Zuspruch erhält Stoiber auch von den Kollegen in der eigenen Parteispitze: »Die CSU ist mit sich im Reinen«, sagt am Rande der Veranstaltung CSU-Vize Horst Seehofer, der Stoiber sein neues Amt als Landwirtschaftsminister zu verdanken hat. »Stoiber ist unangefochten.« CSU-Landtagsfraktionschef Joachim Herrmann meint, die Feier tue der innerparteilichen Stimmung gut. Stoiber habe die Kritik gut aufgegriffen. »Die Gespräche laufen gut«, sagt Herrmann.

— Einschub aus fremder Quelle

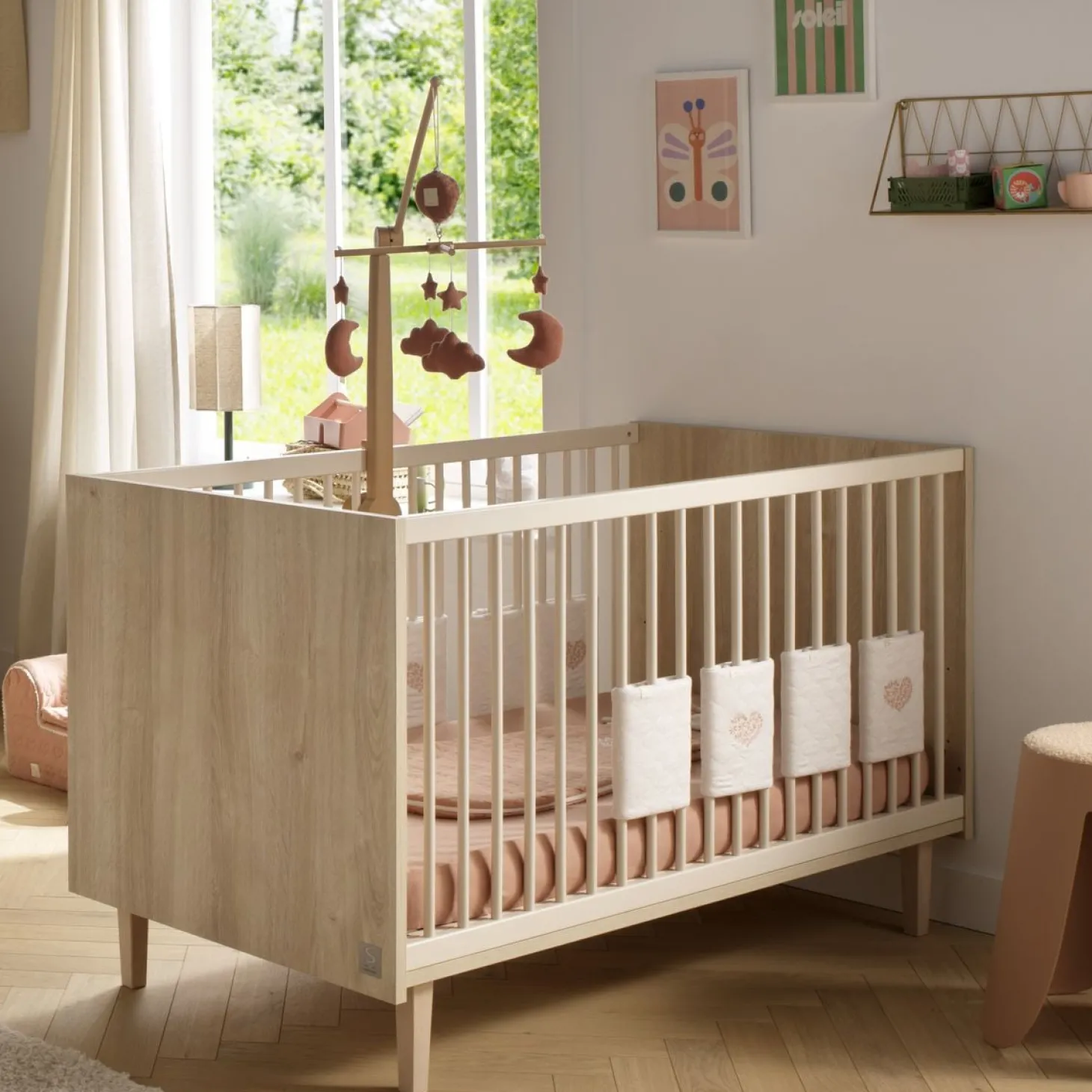 Sauthon Lit little big bed Paloma bois Chêne Sépia/Beige Ficelle/Chêne Strié Sépia/Hêtre Vernis 70x140 cm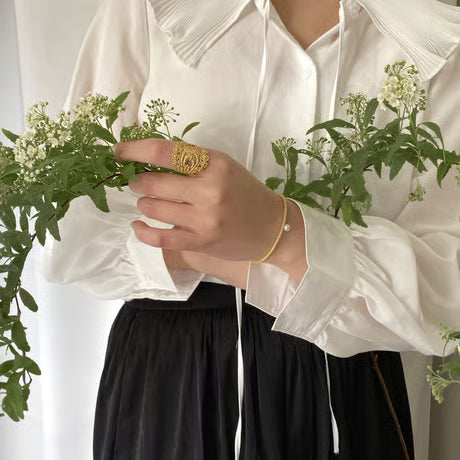 lace peacock ring (gold)---102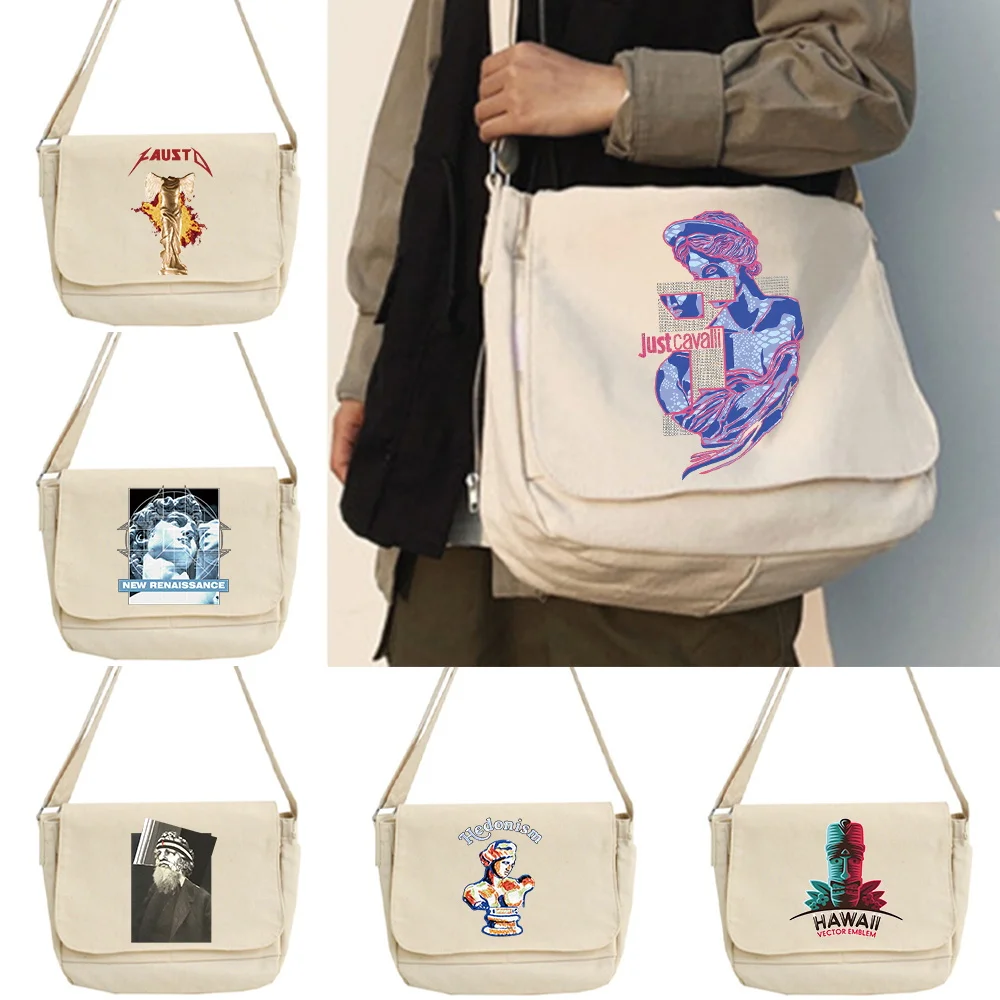 

Women's School Messenger Bags Women Shoulder Ladies Designer Handbag Sculpture Large Capacity Casual Canvas Shoulder Female Bags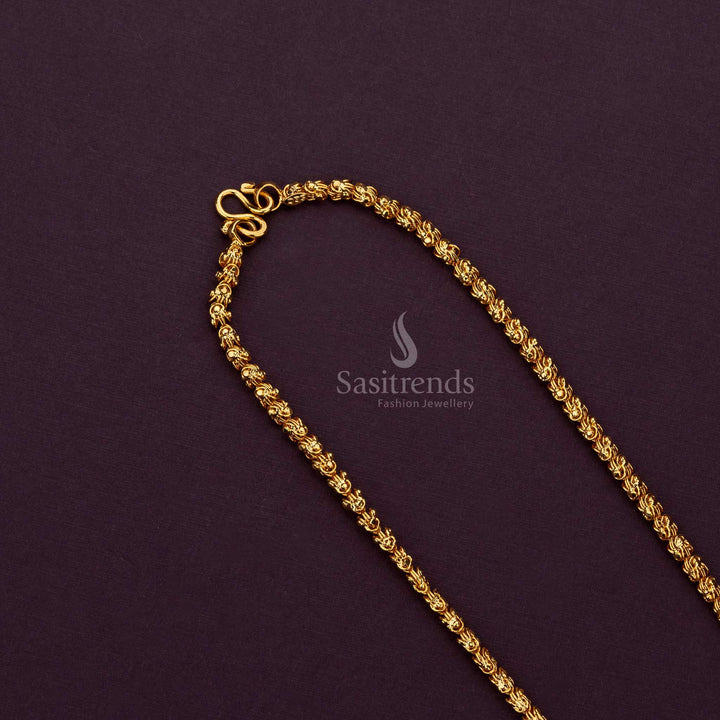 Dasavatharam 24K gold plated micro saradu chain, thin variant with lifetime guarantee - Sasitrends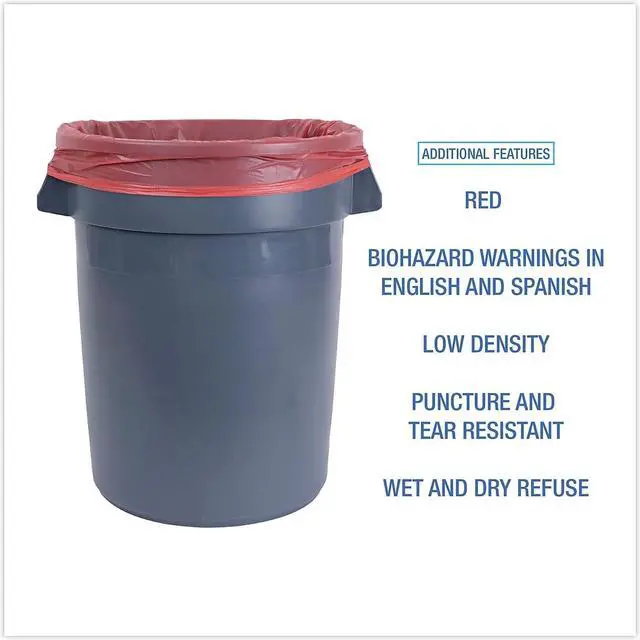 Alt view image 5 of 8 - Boardwalk Linear Low Density Health Care Trash Can Liners 33 gal 1.3 mil 33 x 39 Red 150/Carton IW3339R
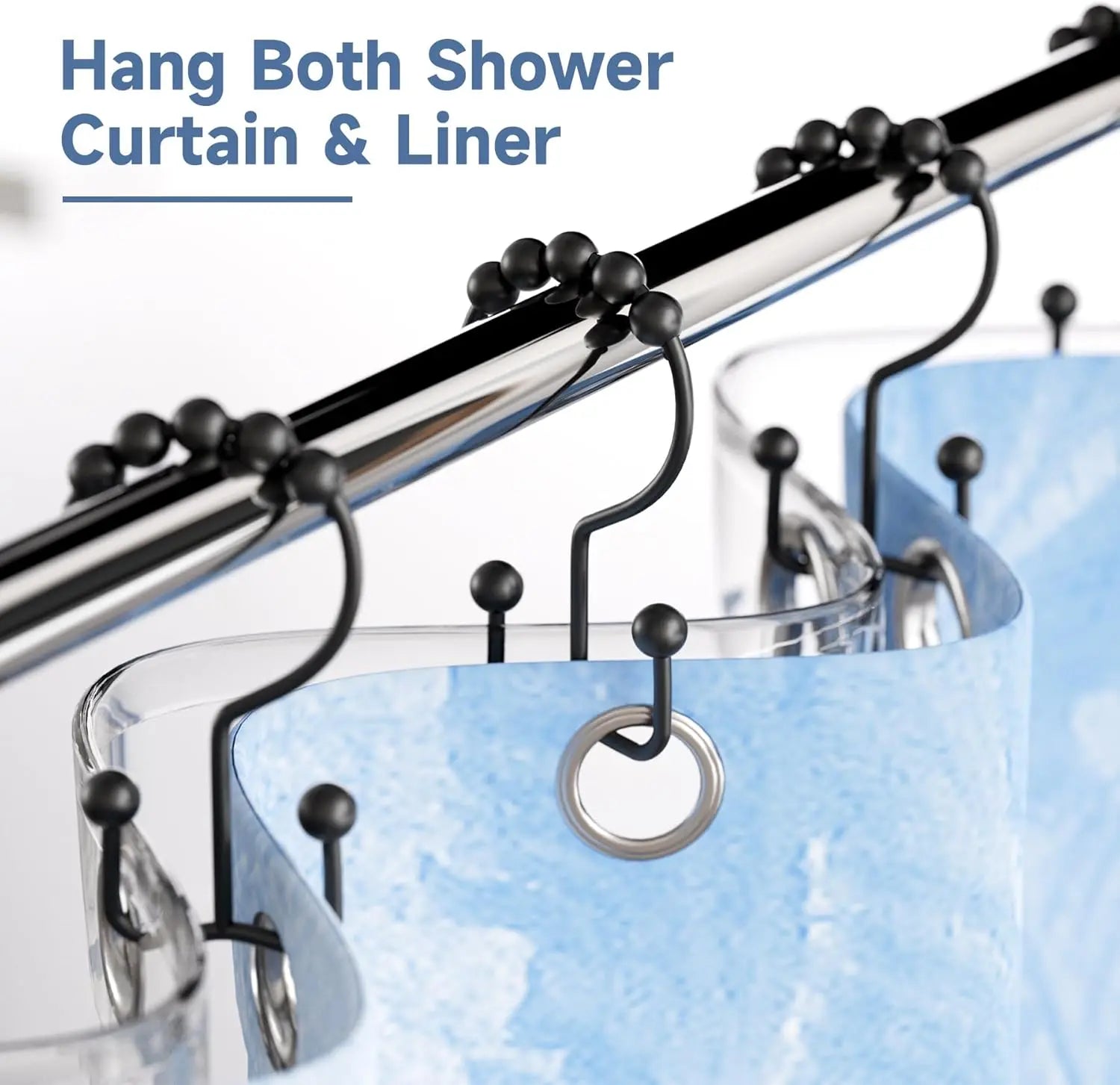 Matzwarte shower curtain hooks (12-pack) - Double hooks made of stainless steel - Hooks with smooth rolling action - Suitable for shower curtains up to 3.3 cm thick - Suitable for shower curtains and waterproof liners. (black) Wholesale Hub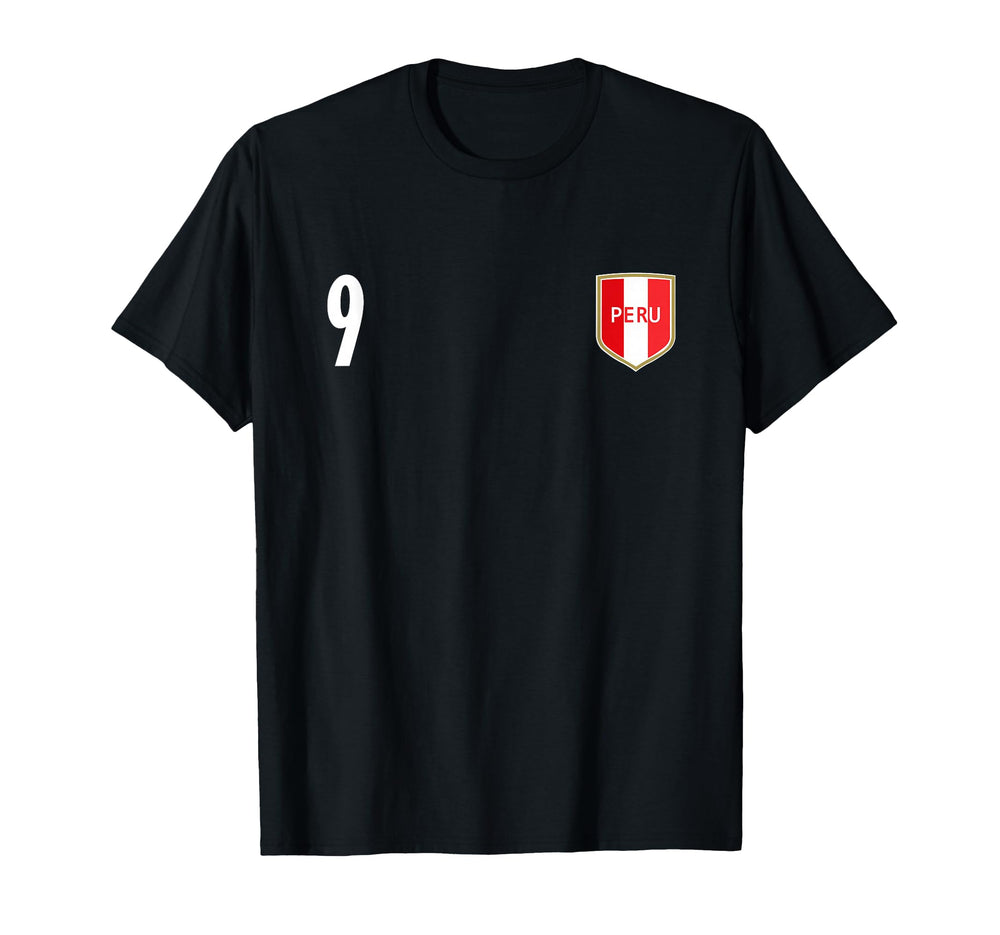 Peru Soccer 9 Peruvian Shield Football T-Shirt - Custom Art Print Unisex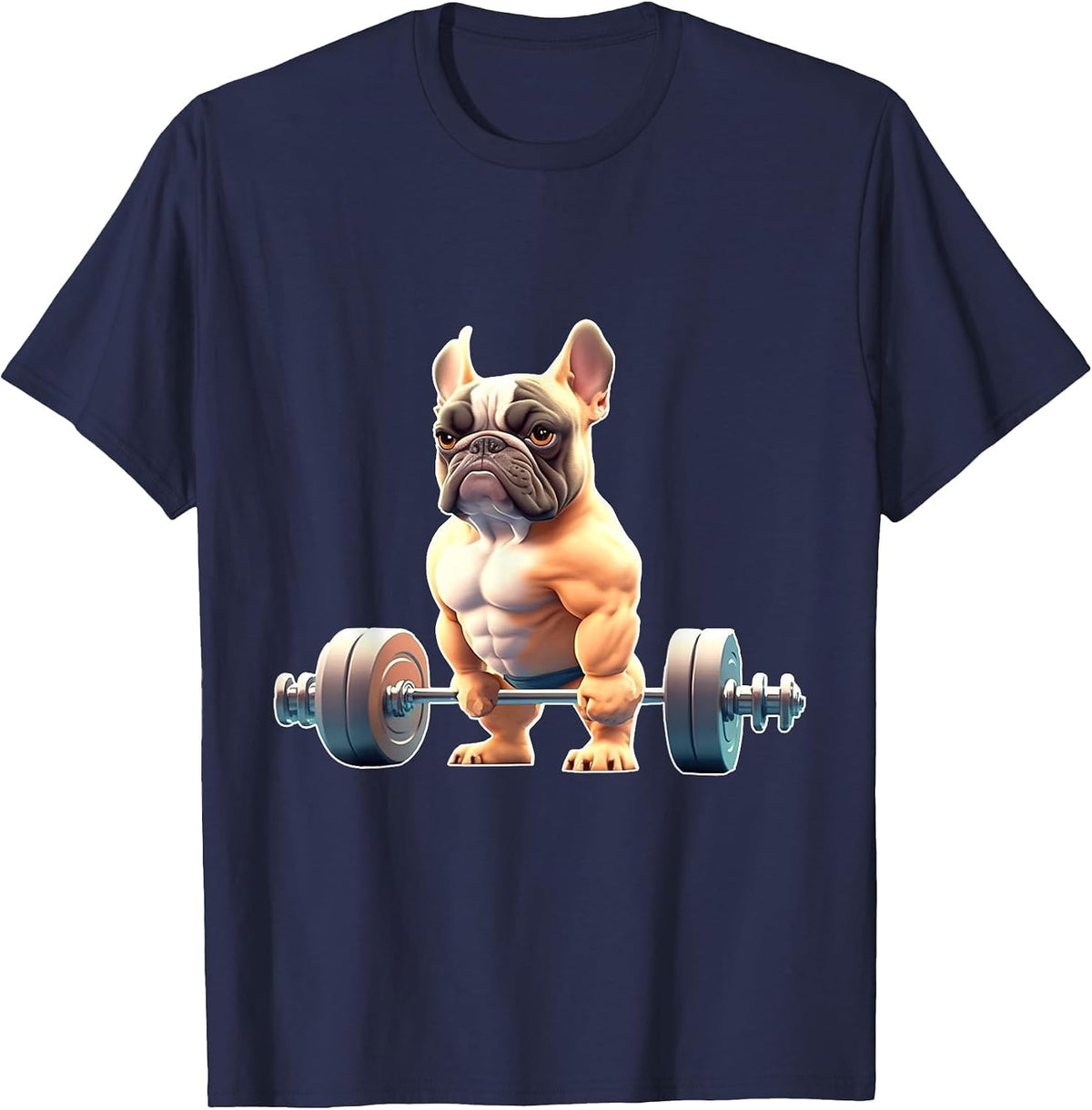 Funny French Bulldog Bodybuilding Gym Frenchie Weightlifter T-Shirt - Navy Blue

Viele Gäste sehen das anders: CDU-Chefin Merkel wird mit herzlichem Beifall begrüßt. Als Stoiber spricht, herrscht dagegen zeitweise eisiges Schweigen im Saal. Die CSU-Landesleitung unter Generalsekretär Söder hat die Veranstaltung bewusst heimelig gestaltet: Bier und Brezen, weiß-blaue Luftballons anstelle des in den vergangenen Jahren üblichen kühlen High-Tech-Designs auf CSU-Veranstaltungen. Und Stoiber selbst spricht nicht von unangenehmen Reformen, sondern von wärmenden christlichen Werten. »Als Menschen sind wir vor Fehlern nicht gefeit«, entschuldigt er sich indirekt. »Das gilt auch für mich.«
Nach dem Ende der von mattem Beifall begleiteten Rede erhebt sich zwar ein Drittel der Gäste, um Stoiber stehend zu applaudieren - doch die anderen zwei Drittel bleiben demonstrativ sitzen. »Das Unwohlsein der Partei ist getragen von einem breiten Frust an der Basis«, spottet ein CSU-Landtags-abgeordneter. Die Gäste bilden mit ihrem verhaltenen Beifall die Stimmung in ganz Bayern ab: Zwei Drittel der Befragten antworteten in einer Infratest Dimap-Umfrage erst kürzlich, sie wünschten sich bei der Landtagswahl 2008 keine weitere Kandidatur Stoibers als Ministerpräsident.